Sky Lanterns and Walubi: My Waisak Day at Borobudur in 2018, Part 2
Although Vesak, or “Waisak” in Indonesian, is celebrated at the national level, the Buddhist community makes up just 1 per cent of the Indonesian population, according to official census data. Moreover, the modern identity of Indonesian Buddhism is still a work in progress. The second-oldest religion in Indonesia, Buddhism was transmitted from India alongside Hinduism. While Borobudur epitomizes the heyday of Mahayana Buddhism in Indonesia, the historical impact of Buddhism is considered limited. Within a five-kilometer radius of Borobudur, more than 30 monuments have been discovered, most, as UNESCO describes, in a “deplorable state.”* Apart from Borobudur, Mendut, and Pawon situated between the two, the rest of the monuments are identified as Hindu in origin. When Islam arrived, Buddhism seems to have faded into oblivion.

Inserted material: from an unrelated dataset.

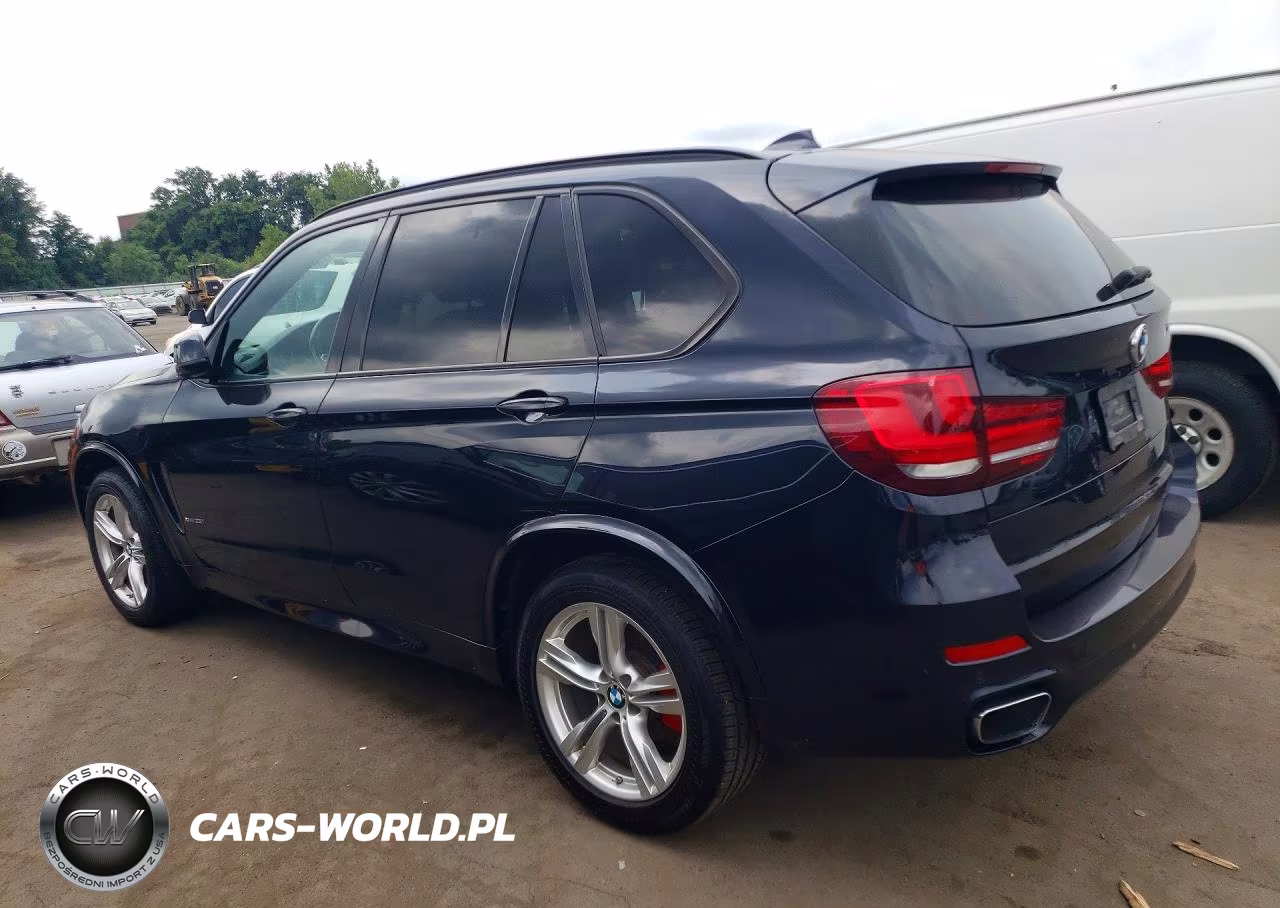 2014 BMW X5 xDrive35I VIN:5UXKR0C5XE0K51927 - 2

It was not until the 17th century that Chinese immigrants began to reintroduce Mahayana Buddhism to the islands.** Theravada Buddhism was disseminated after the 1934 visit of Bhikkhu Narada Thera (1898–1983) from Sri Lanka. Various Buddhist organizations, including WALUBI (Representatives of the Indonesian Buddhist Community), were established, dissolved, and reestablished in the subsequent decades. Among the Buddhist masters seeking to re-establish Buddhism in Indonesia was Bhikkhu Ashin Jinarakkhita (1923–2002), who revived Buddhism by advocating Adi Buddha as the supreme “god” in response to Pancasila, the mono-theist foundational ideology of the Indonesian state. Born to Chinese parents, Jinarakkhita was ordained by both a Chan master from China and a Theravada master from Myanmar.